Douglas Laux claims he was the Central Intelligence Agency’s (CIA) top spy operative in Syria, tasked with drawing up plans for regime change during the crucial early years (2012-2013) of Syria’s grinding civil conflict. He was considered the CIA’s “eyes and ears on the ground” in war-torn Syria. Yet it turns out he knew very little, if anything, about the country.
Laux spent most of his eight year career as a CIA operative in Afghanistan, where he was lauded by superiors for his ability to “go native” with his scraggly beard and fluency in Pashto. His attempts to develop an Afghan spy network capable of infiltrating the Taliban and tracking al-Qaida are the focus of his memoir, written after leaving the CIA and entitled Left of Boom: How a Young CIA Case Officer Penetrated the Taliban and Al-Qaeda (St. Martin’s Press, 2016).
The book went through the CIA’s review process prior to publication, standard procedure for former employees wishing to write about their work, which left entire pages of what the CIA deemed sensitive or classified material blacked out. Laux and co-author Ralph Pezzullo left the thick black lines in place throughout the book, perhaps to underscore the authenticity of Laux’s narrative.
Leading a regime change task force
But it’s what Laux chooses to tell readers regarding his role in Syria that is most shocking.
After years in Afghanistan, and while recovering at home from a substance abuse problem and broken ankle, he was unexpectedly tasked with making contact with anti-government militants in Syria as part of a sensitive nascent CIA operation.
He soon emerged, in his words, as the CIA’s “lead task-force representative” in Syria, despite having no prior expertise regarding the country and only knowing that “Syria had been front-page” news for over a year.
Laux describes the moment he was given the assignment in the lone chapter in Left of Boom which focuses on Syria, wherein he admits having to “read up” and “learn” about the country:
Then I stopped drinking, bought myself a cool cane with a cowboy boot on the top, rode a bike at the gym daily, and read up on Syria. I learned that the situation on the ground was extremely complex and reflected the ethnic and religious diversity of Syria itself.
Additionally, Laux has acknowledged in multiple media interviews that he only spoke limited Arabic.
By his account, he would eventually write a high level “ops plan” detailing strategies the United States and its allies could implement to topple the Syrian government after a short tour spent secretly embedded inside rebel-held areas of Syria.
In effect, the CIA’s top guy in Syria made-up the agency’s ‘regime-change’ strategy in the country on the fly. No wonder it failed so badly.

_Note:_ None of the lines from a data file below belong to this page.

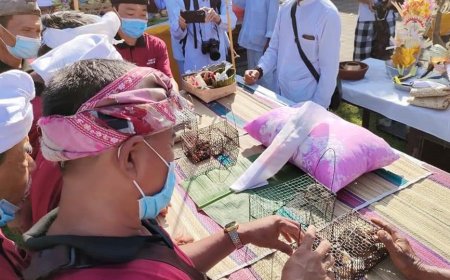 Mreteka Merana: Ritual Pembersihan Aspek Niskala Desa Adat Bedha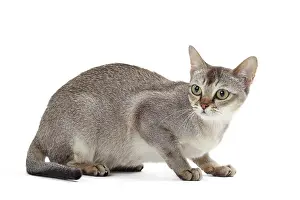 Singapura: Cat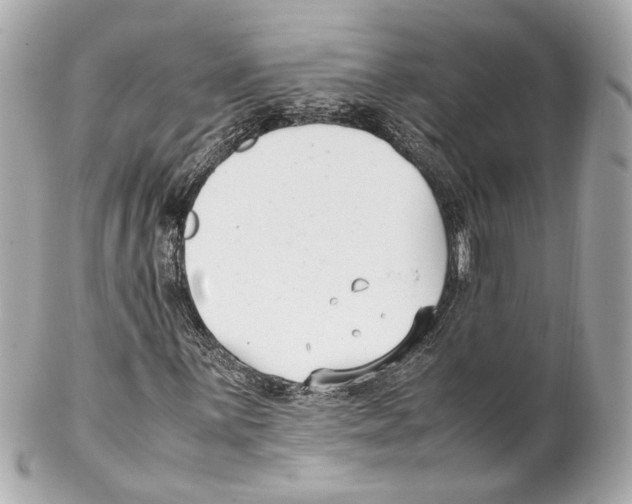 X0000102031059200808151335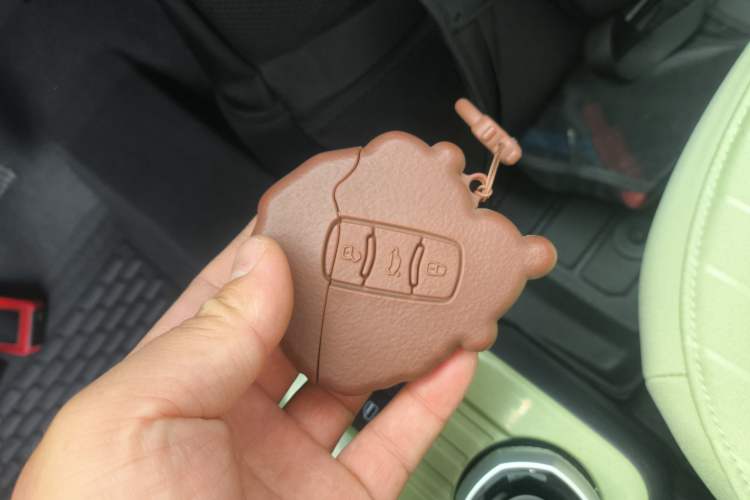 Used Geely Galaxy Panda 2023 Panda Mini New Year Edition Treasure Bear
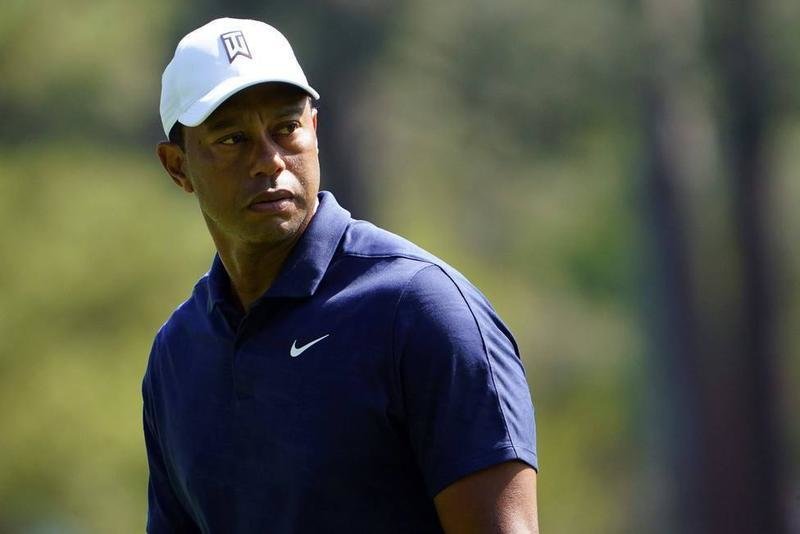 <p> El Golfista, Tiger Woods </p>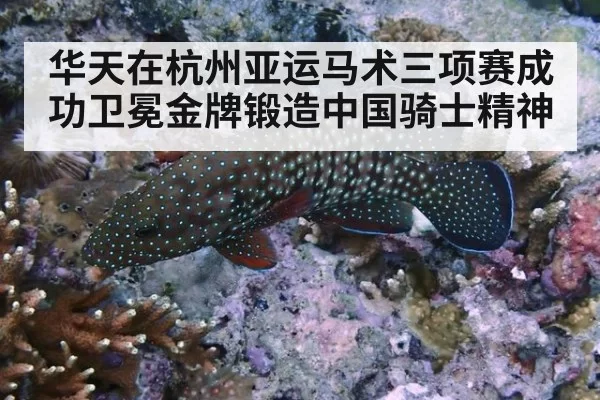 华天在杭州亚运马术三项赛成功卫冕金牌锻造中国骑士精神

Lacking knowledge of Syria
The concluding line from Laux’s actual classified plan, circulated widely among intelligence officials, summarised the end goal of CIA covert action in Syria at the time (2012) and is presented in the book as:
[this is] what must be enacted to achieve the desired result of removing President Bashar al-Assad from power.
According to the New York Times, then CIA Director David Petraeus adopted some of Laux’s recommendations on arming “moderate” rebels. Ironically, Laux would later conclude of the jihadi rebels which came to dominate the war:
there were no moderates.
The CIA has formally acknowledged Laux’s legitimacy as a former CIA operative to the New York Times and other media outlets (the CIA rarely confirms or denies who worked for the agency and in what capacity).
But could it really be true that a regime change plan that would impact the fate of millions of Syrians and potentially alter the Middle East forever was authored by a CIA officer who knew little about Syria, couldn’t speak the language, and who admits to having merely seen some media headlines before being given the task?
A CIA official responds
I posed the above question to a current high-level CIA official who spent part of his career as daily intelligence briefer for the US President. The official spoke to me on condition of anonymity, and said that while Laux possesses an exaggerated sense of self-importance, it’s often the case that officers running foreign operations lack adequate knowledge of their assigned country. They added:
Much as any of us would like to assume that the Agency always has people with expertise in any particular area of the world, one simply can’t assume that. It’s a fact that certain kinds of experts have a hard time getting through the door. Like it or not, the institution prefers a bias for action over substantive expertise. I run into this all the time. We do have amazing experts, but they don’t get sent to run things in-country. We’re fortunate if the experts are consulted.
This very candid explanation reveals uncomfortable truths about the inner workings of secretive organisations like the CIA and how western intelligence agencies keep getting the Middle East so wrong. From Afghanistan to Iraq and from Libya to Syria, the institution apparently prefers “a bias for action over substantive expertise”.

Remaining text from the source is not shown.